In addition, competitors may bring their own J-80’s to the event in Xiamen with an expectation of a fleet on the high side of 40 making it, for the 4th year in succession, the largest one-design keelboat regatta in Asia.
The event had unlikely beginnings being a match race between Iron Rock Sailing Club in Xiamen and Zhuhai Sailing Club in 2 very beat-up J-24s.
Over the years it has gradually grown, largely because things were done right. From early on the event was ‘dual format’ with the first few days of racing being fleet racing with the top teams qualifying for match racing with round robins followed by semis and finals.
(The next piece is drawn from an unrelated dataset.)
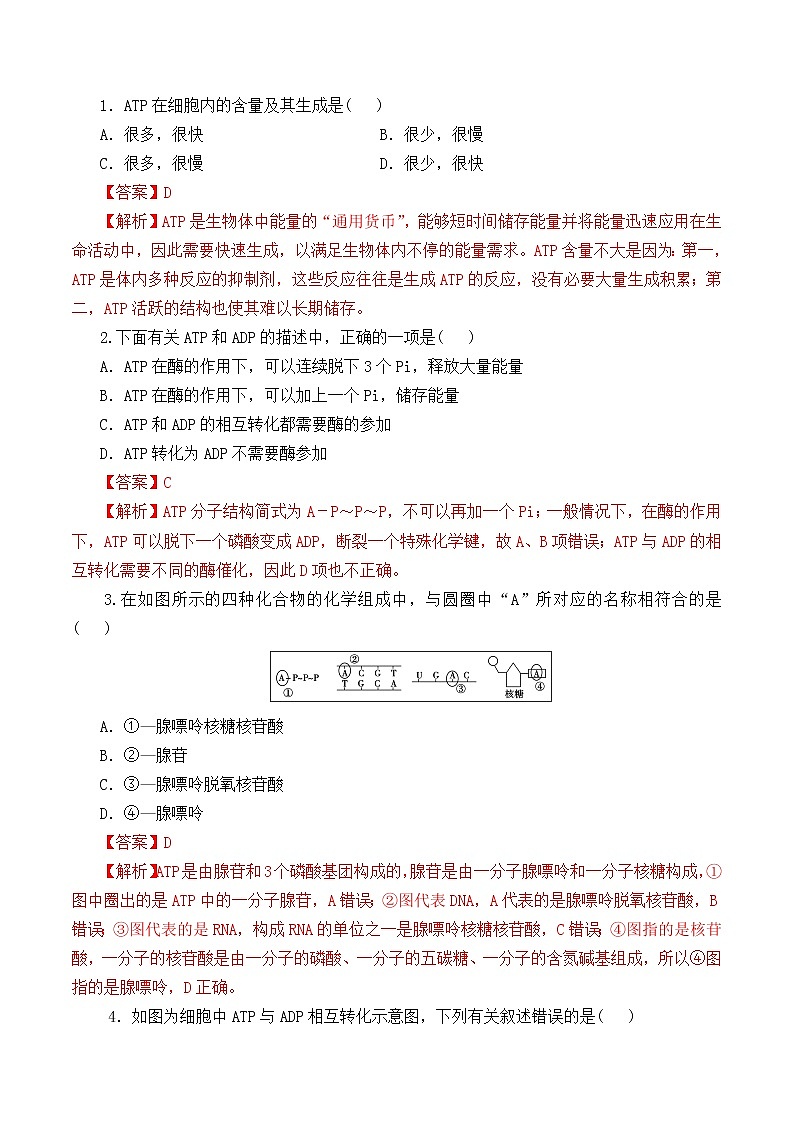 【培优分级练】高中生物(人教版2019)必修第一册 5.2《细胞的能量货币“ATP”》同步分级练（解析版）第3页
The winner of the final gains the right to race against the previous year’s champion, hence the ‘Challenge’ in the event title. I did have a rather wry smile when I read of one or two events having fleet qualifiers leading to match racing and being declared as imaginative when the Club Cup had, at the time, been using the format for years.
As the fleet grew in size, experience and ability foreign sailors with good rules knowledge were drafted in to keep things ‘honest’ and that has served in many ways to enhance the event’s reputation and popularity.
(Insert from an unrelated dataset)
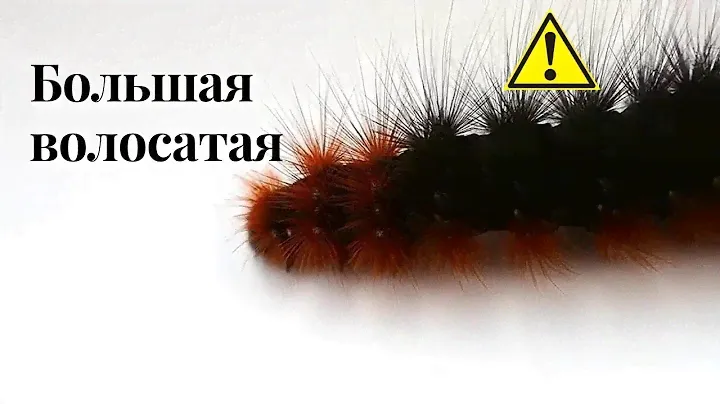 БольшААя волосатая! Гусеница "Медведица-кайя"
In fact for the last half dozen years or so the judge & umpire team has been led by two Kiwi IU/IJ’s with 5 America’s between them backed up by other umpires of similar status.
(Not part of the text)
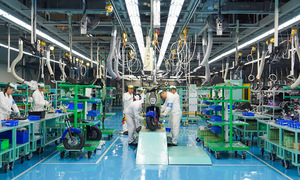 Over 200,000 businesses enter the Vietnamese market in eight months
Last year, of course, the international officials couldn’t enter China so rather than dilute the event’s reputation the match racing element was set aside.
It was quite amusing to read the WMRT comments when their finals were announced as being in China that “it is an exciting opportunity for us to promote and develop match racing in China including at regional and local levels”. I am sure they could help but China has had a match racing event officiated by top-level officials since 2015 and teams don’t pitch up for the Club Cup as it is often known not having practiced at ‘local or regional levels.
In fact, one race in the final 2 or 3 years back led one IU to state – as the boats crossed the like 10cms apart – “that was in the top 10 races I have ever witnessed, and he’s seen thousands.
The speed of the uptake of the charter boats, many of which have sails sponsored by China Yachting Industry (yes the same China Yachting Industry that was on ETNZ’s mainsail) show the standing of the event in the Chinese sailing community.
No moaning about the death of sailing here in the PRC, more and more are getting into our sport and the CCCM is proof that when things are done right, Chinese sailors want to be part of the action.
The event isn’t until October but hopefully I will be able to provide full race and event reports as they happen.